Également à l’affiche cette semaine
Qui m’aime me suive ! (réalisé par José Alcala) : Simone et Gilbert sont retraité.e.s dans un petit village du Sud de la France. Un jour, ne supportant plus son mauvais caractère, elle le quitte pour Étienne, leur voisin et vieil ami du couple… Un vaudeville rural doux-amer et tendre, plutôt sympathique, à défaut d’être amusant.
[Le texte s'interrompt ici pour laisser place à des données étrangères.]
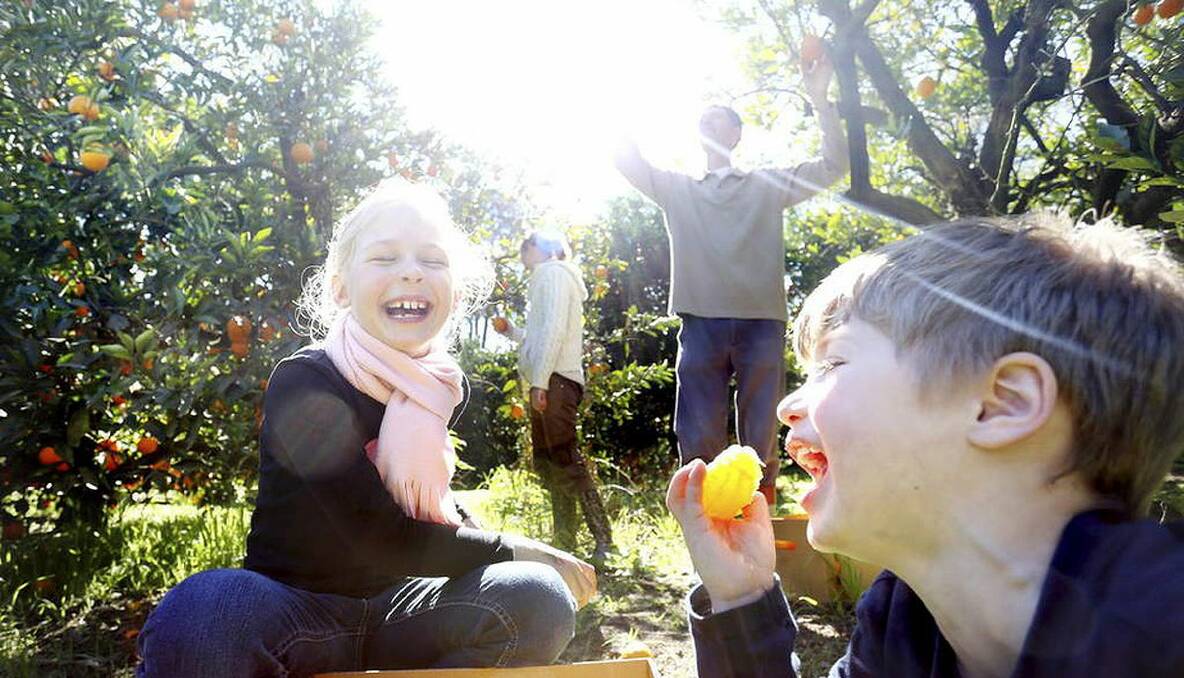 Fruit picking. Manning (3) and Isabella (7) help their parents Bradley and Felicity Johnson pick oranges at Schofields Orchards in Richmond. Farmers in the Hawkesbury are increasingly turning to pick your own, opening their orchards to the public. Photo: brianne.makin@gmail.com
On apprécie le charme de son triangle amoureux incarné par les sexagénaires Catherine Frot, Daniel Auteuil et Bernard Le Coq.
Sunset (réalisé par Lázló Nemes) : En 1913, Irisz Leiter revient s’installer à Budapest où elle espère obtenir un emploi de modiste dans la chapellerie que ses parents avaient fondé avant d’y décéder dans un incendie quand elle était encore bébé… Le réalisateur du Fils de Saul signe un second drame somptueux, mais un peu trop long et un brin confus.